Glenn's group entered the corridor with steady steps.
Not rushed. Not hesitant.
The stone gate behind them closed with a heavy sound that echoed briefly, then vanished, swallowed by the thick walls of the processing corridor. In the past, that sound had always felt like an announcement. A confirmation that they had entered a place where regret had no space.
Today, it did not.
Glenn merely adjusted the position of his sword at his waist. His movement was calm. Measured. His gaze stayed fixed ahead, unaffected by the echo of stone or the lingering tension that usually followed the closing door.
The first corridor stretched out before them.
And almost instantly, they knew.
This was different.
The monsters were already there.
Not wandering aimlessly as before. Not scattered in the corners of the corridor, fighting over territory. There were no wild movements. No threatening sounds.
They were lined up.
Neatly.
Too neatly to be a coincidence.
The large bodies filled the corridor from wall to wall. The taller ones stood in front, forming a protective layer. The smaller ones filled the gaps between them. The distance between bodies left almost no empty space. Their breathing was soft and regular, not the roar of hunger, but a uniform exhale, like a single massive creature waiting for a signal.
Dilos stopped walking.
He did not raise his sword.
He simply stood there.
"Formation," muttered one of Glenn's group members, his voice low.
Glenn nodded slightly.
"Yes," he said. "And they're not moving."
Their gazes shifted to the back of the monster ranks.
And there they saw it.
The small creature.
It stood on higher ground, atop a mound of old bones that had dried and fused with the corridor floor. Human bones. Monster bones. Indistinguishable. All merged into a dull white base, slick with the remnants of old blood.

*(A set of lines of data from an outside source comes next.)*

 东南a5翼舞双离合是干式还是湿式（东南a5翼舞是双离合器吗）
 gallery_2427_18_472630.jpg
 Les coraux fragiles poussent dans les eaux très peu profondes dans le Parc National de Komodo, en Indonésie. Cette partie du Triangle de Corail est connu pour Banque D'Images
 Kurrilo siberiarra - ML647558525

Its body was the same as they remembered. Shorter. Thinner. Too fragile to stand among a horde like this.
But something had changed.
Its head was no longer tilted.
It stood upright.
Its eyes stared straight ahead.
At them.
At Dilos.
One of Glenn's group drew a quiet breath.

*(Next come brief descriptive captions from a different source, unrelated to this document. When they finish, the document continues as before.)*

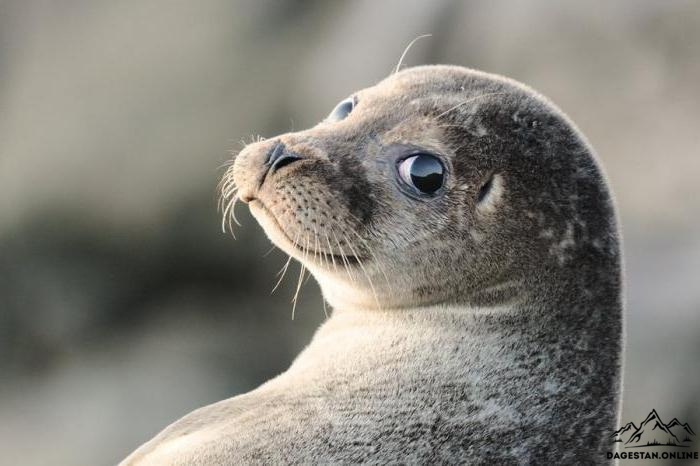 Сохранить, а не уничтожить фото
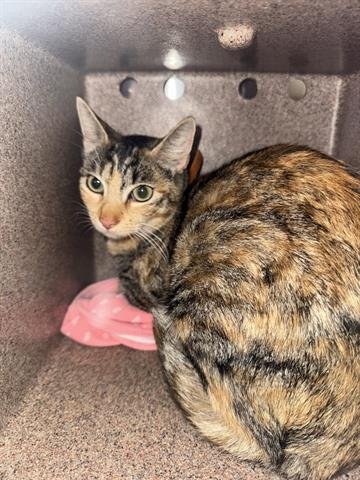 BETTY - Domestic Medium Hair available for adoption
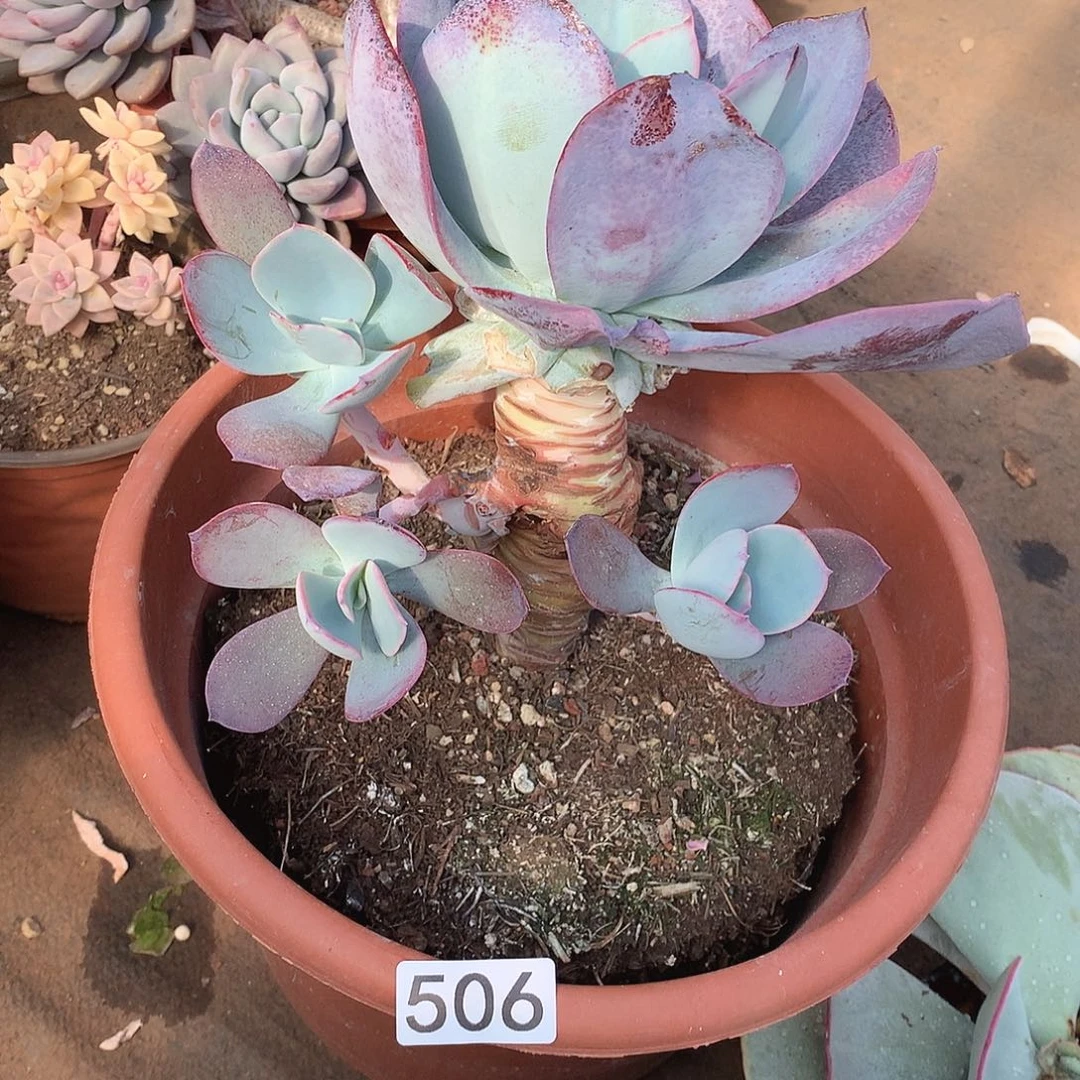 506布鲁克林的蓝一物一拍多肉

"That's the one that escaped," he said. "The one that vanished into the darkness after we brought down the bear monster."
"He didn't escape," Glenn replied without looking away. "He withdrew."
Dilos felt something tremble inside his chest.
Not fear.
Not anger.
Resonance.
The Core within his body reacted. Not with wild surges, but with heavy internal pressure. As if two existences were measuring each other. One rough and untamed, born of raw power. The other small, sharp, and honed by long observation.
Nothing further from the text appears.